Masha-AlLaah, I applaud the efforts of the SoundVision Team for raising the flag of D.V. victims. However I am rather hurt that this article - and the majority of information about D.V. on the site - is so one-sided, to the pointwhere it actually sounds like domestic violence is carried out by men alone and the only victims are women. I am a woman who was a victim of years of domestic abuse at the hands of my former sister-in-law who also used to hit my parents, her husband (my brother) and their young children. Now that they are divorced, she claims to have been the victim and uses this card to keep custody of the children, whom she continues to hit and mentally abuse. Over the last nine years in my work withing the West London community in the UK, I have come across numerous cases where the victims of D.V. are often men; husbands, former husbands, fathers and fathers-in-law. The next most common victims are the children. While I support the much needed efforts being made to help women and girls who fall victim to D.V. I do feel it is extremely unfair to all those men out there for whom there is not one single ounce of help. The moment they turn to someone for some support, they are either laughed at, belittled or simply ignored. Who even cares if a man is being abused by his wife? Who even recognises it as domestic abuse when he is the victim? All a woman has to do is turn up to work with worry lines and a complaint against her husband for everyone to jump on the D.V. bandwaggon in her deffence - couldn't we see some advice about how to help the men who face that same daily torture the article talks about happening to women please? I don't understand why we still have such double standards! Islam doesn't, so why the rest of us?


London UK

i am a domestic abuse survivor and some of the responses realy bother would be very difficult for a woman to do to a man what my sons father did to me.i never had the mind frame that it was okay for me to hit a man and that he could'nt hit me a matter of fact i did'nt defend myself because that would have required deadly force and even though he did many things to me i did'nt want to kill him, i did'nt want to put my son through that.i don't think it is anymore right for a woman to hit a man than the other way around. this islam guy sounds like a woman beater to me.he seems to be making excuses for domestic violence.also, it is one of the cycles of abuse for a batterer to provoke the victim. another fact for you, if you dont believe it look it up, murder is the number one cause of death for pregnant women. also to this islamic guy, are you implying that married women arent abused? i was in a support group for survivors and seven out of the ten of us were married to the abuser. either way you slice it, the statistics are probably worse than reported because women are less likely to report it, you are more likely to get killed after you leave, and a majority of fatalities happen when there is a protective order.


atlanta, ga

Nice information, however regardless about this page anyone out there who is getting physically and emotionally abused don't just stand there get help! i did what I could and I got my happily ever after. Now, you make your choice and you get your happily ever after. You don't deserve a life full of pain and misery. Listen just call out for help. Don't be afraid because they have no right of treating you like that. And also for people out there that know people getting abused or hurt help them. Get help now!!!
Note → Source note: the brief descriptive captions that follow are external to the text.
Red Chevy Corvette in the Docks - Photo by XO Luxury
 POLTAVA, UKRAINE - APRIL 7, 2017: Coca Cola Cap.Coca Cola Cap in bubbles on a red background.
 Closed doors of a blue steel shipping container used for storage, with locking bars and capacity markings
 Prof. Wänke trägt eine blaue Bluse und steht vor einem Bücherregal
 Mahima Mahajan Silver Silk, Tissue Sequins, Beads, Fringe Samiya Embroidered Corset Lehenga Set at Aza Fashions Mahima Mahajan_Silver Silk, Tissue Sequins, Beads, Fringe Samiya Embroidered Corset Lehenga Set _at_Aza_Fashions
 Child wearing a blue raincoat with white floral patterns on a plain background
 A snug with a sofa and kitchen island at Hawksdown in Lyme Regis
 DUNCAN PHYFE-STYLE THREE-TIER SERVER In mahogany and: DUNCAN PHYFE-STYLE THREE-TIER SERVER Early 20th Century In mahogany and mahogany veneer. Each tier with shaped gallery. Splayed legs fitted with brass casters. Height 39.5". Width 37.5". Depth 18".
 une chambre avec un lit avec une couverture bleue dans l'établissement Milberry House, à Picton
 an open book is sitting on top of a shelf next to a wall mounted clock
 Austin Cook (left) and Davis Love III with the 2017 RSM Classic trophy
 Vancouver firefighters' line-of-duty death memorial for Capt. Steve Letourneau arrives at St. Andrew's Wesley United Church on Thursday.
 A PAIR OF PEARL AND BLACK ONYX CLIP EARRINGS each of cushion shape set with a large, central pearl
I agree with Maxie in Kingston. Until individuals experience what I have experienced they can never know what it is like to live in the hell and finally make the decision to get away for good. But then, there are the flash backs and the dreams that exists, but thanks to God I am finally free from the memories and find myself helping others to overcome.



The first fact under myth # 5 really scares me. I have left an abusive relationship after four previous attempts, That fact makes me more vulnerable? May God help me. Lots of persons can talk, but unless you experience it first hand you cannot understand.



Because there are other facts out there supporting men who are abused, doesn't make these facts false. Congratulations on a great page!